Я не понимал, о чем он говорит. Скотское, бесконечно радостное чувство освобождения от кошмара билось во мне, словно птица, готовая выпорхнуть из клетки. Впрочем…
Нет. Это было возвышенное, необоснованное сравнение. Скорее, у меня обозначилось острое несварение желудка, и я мечтал добежать до первой попавшейся уборной…
Ах, Лена-Лена, милая, добрая, славная Лена… Почему я не успел сказать тебе заветные слова? Теперь я даже на могилу твою не смогу прийти. У казненных по приговору Революции могилы нет. Их закапывают секретно. Как Гумилева когда-то…
Я шел по Литейному, и строчки в моей изуроченной голове сливались в какой-то нечеловеческий шум: «И умру я не на постели, При нотариусе и враче, А в какой-нибудь дикой щели, Утонувшей в густом плюще»…
У дома я пришел в себя. Мама с порога бросилась мне на шею. Бледный отчим взглянул странно:
— Я предупреждал тебя…
Что я мог им сказать? Что ни скажи — не поймут. Но слова упрямо рвались:
— Лена — героиня. Даже если она — участница монархического заговора, она героиня! — Хотел добавить: «Богатыри, не вы…» — но не добавил. Зачем?

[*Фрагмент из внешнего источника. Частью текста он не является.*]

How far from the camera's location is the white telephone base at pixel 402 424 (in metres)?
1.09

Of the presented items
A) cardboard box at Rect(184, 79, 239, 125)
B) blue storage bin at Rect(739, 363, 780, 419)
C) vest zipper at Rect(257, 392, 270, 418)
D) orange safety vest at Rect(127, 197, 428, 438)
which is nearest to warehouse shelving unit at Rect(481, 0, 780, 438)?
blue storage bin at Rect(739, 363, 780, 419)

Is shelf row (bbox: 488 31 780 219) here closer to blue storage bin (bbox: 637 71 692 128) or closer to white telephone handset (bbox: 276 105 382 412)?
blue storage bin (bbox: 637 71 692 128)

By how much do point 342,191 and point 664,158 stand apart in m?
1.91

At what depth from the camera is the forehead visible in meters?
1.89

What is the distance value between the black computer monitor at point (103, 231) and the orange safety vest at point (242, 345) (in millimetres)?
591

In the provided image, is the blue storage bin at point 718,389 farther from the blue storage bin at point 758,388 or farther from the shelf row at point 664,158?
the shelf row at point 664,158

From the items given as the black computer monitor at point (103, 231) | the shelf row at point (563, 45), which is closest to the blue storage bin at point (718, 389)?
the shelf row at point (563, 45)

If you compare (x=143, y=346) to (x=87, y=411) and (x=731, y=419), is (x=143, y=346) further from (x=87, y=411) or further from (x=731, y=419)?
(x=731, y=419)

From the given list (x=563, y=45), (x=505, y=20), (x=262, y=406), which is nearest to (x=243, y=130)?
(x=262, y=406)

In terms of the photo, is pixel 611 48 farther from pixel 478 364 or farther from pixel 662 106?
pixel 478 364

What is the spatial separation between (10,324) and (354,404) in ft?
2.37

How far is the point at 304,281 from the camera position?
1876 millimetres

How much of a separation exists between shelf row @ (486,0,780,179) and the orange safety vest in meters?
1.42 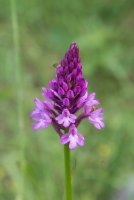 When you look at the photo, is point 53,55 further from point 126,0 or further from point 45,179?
point 45,179

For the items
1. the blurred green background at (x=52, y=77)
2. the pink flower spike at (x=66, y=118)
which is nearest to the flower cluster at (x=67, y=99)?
the pink flower spike at (x=66, y=118)

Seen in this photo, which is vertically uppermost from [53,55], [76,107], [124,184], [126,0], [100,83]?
[126,0]

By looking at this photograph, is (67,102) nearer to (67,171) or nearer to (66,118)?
(66,118)

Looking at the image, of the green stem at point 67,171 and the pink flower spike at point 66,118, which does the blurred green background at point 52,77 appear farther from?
the pink flower spike at point 66,118

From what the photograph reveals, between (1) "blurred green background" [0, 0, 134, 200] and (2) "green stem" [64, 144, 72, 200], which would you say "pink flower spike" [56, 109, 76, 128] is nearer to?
(2) "green stem" [64, 144, 72, 200]

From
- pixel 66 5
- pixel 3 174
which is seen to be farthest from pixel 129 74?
pixel 3 174

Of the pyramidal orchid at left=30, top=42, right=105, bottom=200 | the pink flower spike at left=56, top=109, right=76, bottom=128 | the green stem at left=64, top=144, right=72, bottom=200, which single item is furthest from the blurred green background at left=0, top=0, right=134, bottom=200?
the pink flower spike at left=56, top=109, right=76, bottom=128

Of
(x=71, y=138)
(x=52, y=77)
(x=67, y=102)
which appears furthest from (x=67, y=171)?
(x=52, y=77) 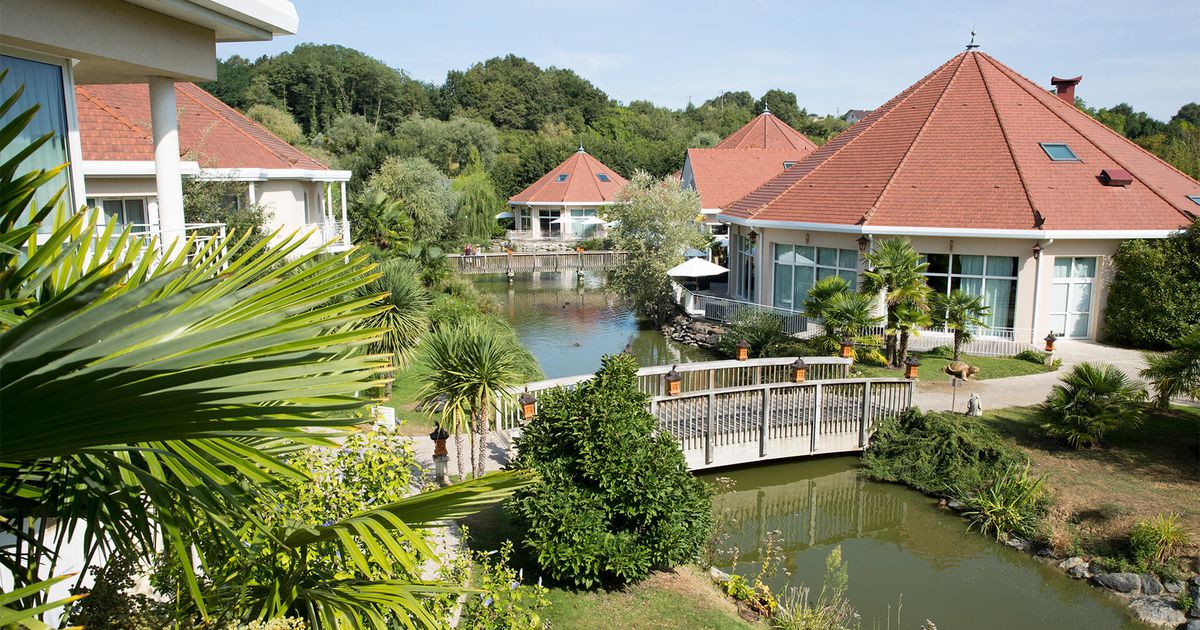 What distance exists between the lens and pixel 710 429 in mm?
13461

Одиссея капитана Званцева надолго выпала из моей жизни. Ночью я не мог читать — в любую минуту — так мне казалось — могли зайти в комнату мама или отчим. До двух часов дня я был в школе. Когда возвращался — мама хлопотала на кухне. Отчим довольно часто приходил к обеду. Потом — уроки, разговор с мамой, возвращение отчима с работы, дурацкое умствование, ужин и сон. Иногда я все же порывался встать и вынуть из тайника рукопись. Брал в руки, замирал, прислушиваясь, и… клал на место. Детство, легкомыслие, неведение — все заканчивалось, я ощущал кожей, что становлюсь другим человеком. Мое прежнее уже не вмещало настоящего. Шутки кончились. Застань отчим или даже мать меня с этим опусом — самое малое, что могло последовать за этим, так это обвинение в умышленном предательстве, изгнание, может быть — арест и конец. Я ни на мгновение не сомневался, что Иван Трифонович поступит именно так. И что мама вынуждена будет его поддержать. Ребенок у них будет новый, зачем им я? Не на каторгу же идти…

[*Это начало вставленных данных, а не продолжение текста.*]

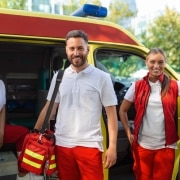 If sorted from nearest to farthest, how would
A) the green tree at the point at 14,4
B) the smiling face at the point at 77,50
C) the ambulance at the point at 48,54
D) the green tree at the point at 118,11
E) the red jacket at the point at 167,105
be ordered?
the smiling face at the point at 77,50
the red jacket at the point at 167,105
the ambulance at the point at 48,54
the green tree at the point at 14,4
the green tree at the point at 118,11

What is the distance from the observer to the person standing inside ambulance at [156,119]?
2.60m

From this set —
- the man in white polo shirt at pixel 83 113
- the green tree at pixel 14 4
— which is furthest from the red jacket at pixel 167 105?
the green tree at pixel 14 4

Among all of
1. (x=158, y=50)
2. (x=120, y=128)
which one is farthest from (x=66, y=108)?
(x=120, y=128)

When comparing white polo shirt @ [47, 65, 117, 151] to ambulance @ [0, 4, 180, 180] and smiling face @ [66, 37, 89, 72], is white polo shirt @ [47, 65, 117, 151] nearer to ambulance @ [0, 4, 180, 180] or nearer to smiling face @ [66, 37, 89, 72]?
smiling face @ [66, 37, 89, 72]

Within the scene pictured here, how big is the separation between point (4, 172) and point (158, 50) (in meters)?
1.70

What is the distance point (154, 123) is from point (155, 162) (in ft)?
1.12

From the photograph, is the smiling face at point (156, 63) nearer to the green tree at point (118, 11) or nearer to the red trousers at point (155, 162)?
the red trousers at point (155, 162)

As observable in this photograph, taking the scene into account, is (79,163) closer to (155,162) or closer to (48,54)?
(155,162)

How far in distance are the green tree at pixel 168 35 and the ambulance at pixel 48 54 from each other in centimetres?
1341

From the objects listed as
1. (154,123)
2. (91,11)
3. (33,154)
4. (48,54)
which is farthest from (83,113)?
(48,54)

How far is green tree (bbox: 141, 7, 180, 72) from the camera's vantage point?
1817 cm

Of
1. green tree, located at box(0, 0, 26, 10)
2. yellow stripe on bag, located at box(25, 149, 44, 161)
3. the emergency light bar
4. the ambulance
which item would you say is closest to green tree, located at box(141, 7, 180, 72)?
green tree, located at box(0, 0, 26, 10)

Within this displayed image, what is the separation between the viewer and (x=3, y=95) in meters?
2.67

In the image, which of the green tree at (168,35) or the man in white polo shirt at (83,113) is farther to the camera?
the green tree at (168,35) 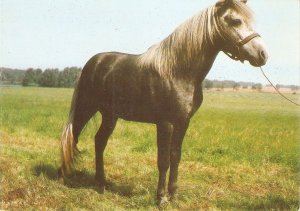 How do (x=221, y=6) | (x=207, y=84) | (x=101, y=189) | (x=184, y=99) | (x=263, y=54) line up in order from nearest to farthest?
(x=263, y=54) < (x=221, y=6) < (x=184, y=99) < (x=207, y=84) < (x=101, y=189)

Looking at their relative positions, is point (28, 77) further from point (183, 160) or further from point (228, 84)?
point (228, 84)

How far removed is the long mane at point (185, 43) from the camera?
12.8 feet

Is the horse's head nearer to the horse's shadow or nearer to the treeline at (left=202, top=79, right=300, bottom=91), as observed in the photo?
the treeline at (left=202, top=79, right=300, bottom=91)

Прошла неделя, вторая, страшный инцидент стал забываться, кабинет на Литейном словно покрылся флером или погребальной кисеей. Я представил себе, как цокают по кладбищенской дорожке лошадки, служители в кафтанах и цилиндрах идут у катафалка, трепещут кисти балдахина, возвышается гроб… Кто в этом гробу? Лена? Я?
После урока я увидел на лестнице Анатолия Вячеславовича. Он явно поджидал меня. «Я живу недалеко, пойдем, есть разговор». Я понял, что история с Ольгой Форш еще не закончилась.
Анатолий жил на улице Пестеля, недалеко от церкви, мы быстро дошли. Дом был начала века, хорошо сохранившийся, парадная дверь еще не потеряла матовых стекол с античными сценами. Такие двери постепенно исчезали, им на смену приходили увесистые, из фанеры, пробитой гвоздями или шурупами. Фанеру эту красили коричневой масляной краской.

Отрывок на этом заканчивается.